High tides in Rodanthe, where the home was located, have been slightly higher than normal over the past couple of days due to persistent onshore wind. The waves are also spreading the home wreckage along the Outer Banks shoreline, according to the National Park Service.
This isn’t the first Rodanthe home the Atlantic Ocean has claimed, according to local media. In 2012, a beach house damaged by Hurricane Sandy also collapsed into the ocean; another home washed away in 2020, leaving a trail of debris along the shore.
The National Park Service also said in 2020 it was planning to relocate the Long Point Cabins in Cape Lookout National Seashore, which is south of Rodanthe, because more frequently they were being overwhelmed by high tides and hurricane storm surge.
“The NPS cannot sustain the Long Point Cabins where they are right now,” the Park Service wrote on Facebook at the time. “20 years ago, there was over 300′ of beach and dunes between the cabins and high tide. Today, there is 48′ of flat sand.”
Because of the home collapse and the associated debris, Park Service officials warned visitors to Cape Hatteras, which includes Rodanthe, to use caution when walking along the beach or engaging in any recreational activities along the shores between the villages of Rodanthe and Salvo. The Park Service said rangers are working with county officials to clean up the debris as well as remove the remnants of the home.
“The bulk of the debris is at the site of the collapsed house, located at 24183 Ocean Drive, Rodanthe,” Cape Hatteras National Seashore said on a Facebook post. “However, smaller amounts of debris have been spotted as far south as off-road vehicle ramp 23, more than seven miles away.”
The five-bedroom beach cottage was built in 1980, according to real estate records, and was listed as a vacation rental home, with a market value of $328,900.
Rising tides
While authorities have not determined the precise cause of the latest collapse in Rodanthe, scientists have showed the increasing risk coastal communities face due to sea level rise, worsening erosion and high-tide flooding.

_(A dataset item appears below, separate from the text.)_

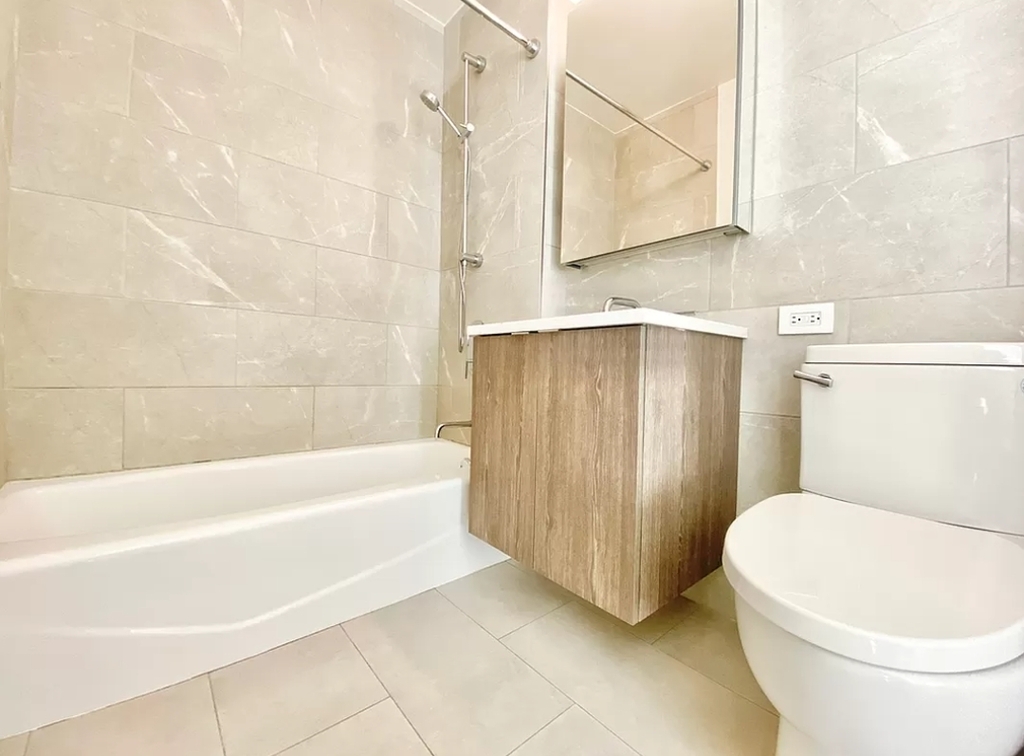 520 West 43rd Street - Photo 5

Coastal communities in the Northeast have seen a significant uptick in tidal flooding, including around Washington, Baltimore and Annapolis, Maryland. The National Oceanic and Atmospheric Administration has noted that by 2030, there will be 7 to 15 days of high-tide flooding nationally. By 2050, the frequency increases to 25 to 75 days.

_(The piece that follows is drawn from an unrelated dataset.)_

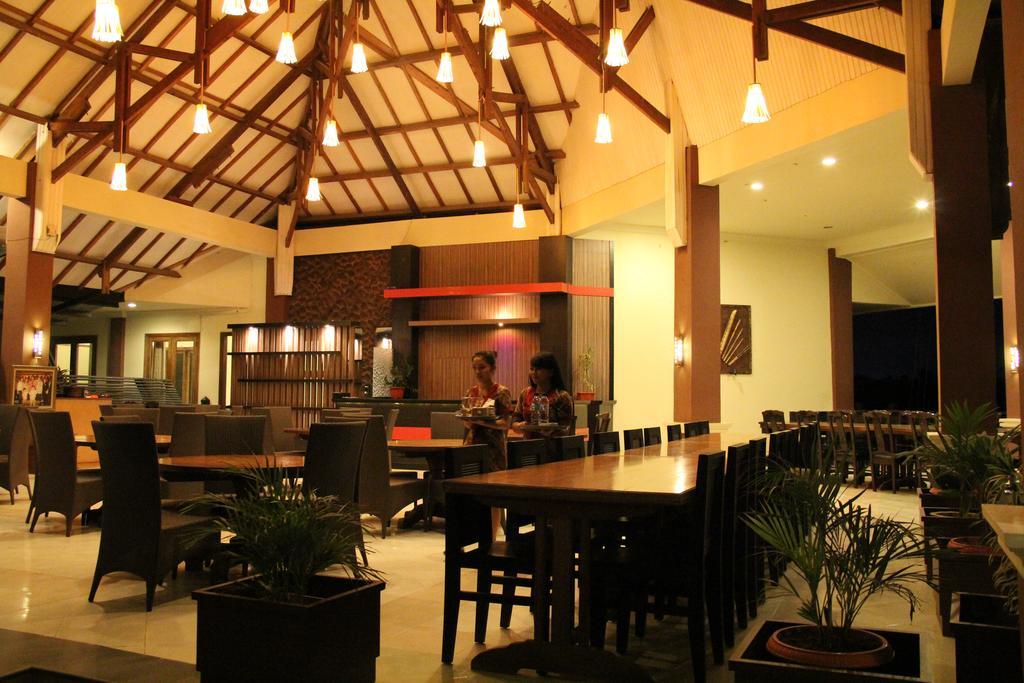 Kampoeng Nelayan Hotel 팔루 외부 사진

More broadly, a 2020 study found that as many as half of all sandy beaches around the world could disappear by the end of the century because of sea level rise. Even by 2050, scientists say, many coastlines could be unrecognizable compared to what people see today, with 14-15% facing severe erosion.
Sea level in this part of coastal North Carolina has risen roughly 3 inches since the early 1980s, according to NASA. Coastal erosion costs around half a billion dollars each year in the form of deteriorated structures and land that is lost to the rising ocean.
Many coastal communities in the United States experience nuisance flooding, or high-tide flooding, on a regular basis. Higher sea levels, caused by warmer water temperatures and melting glaciers and ice sheets, increase the hazards coastal homeowners are exposed to. Hurricane storm surge is creeping higher, and homes and other critical infrastructure are now exposed to saltwater and erosion that they weren’t a few decades ago.
The UN Intergovernmental Panel on Climate Change has concluded that risks associated with climate change-induced sea level rise will increase significantly along all low-lying coastal communities unless meaningful and major adaptation efforts are made. An update on that report, set to be released later this month, is expected to emphasize those projections and also show how the climate crisis is already impacting coastal communities.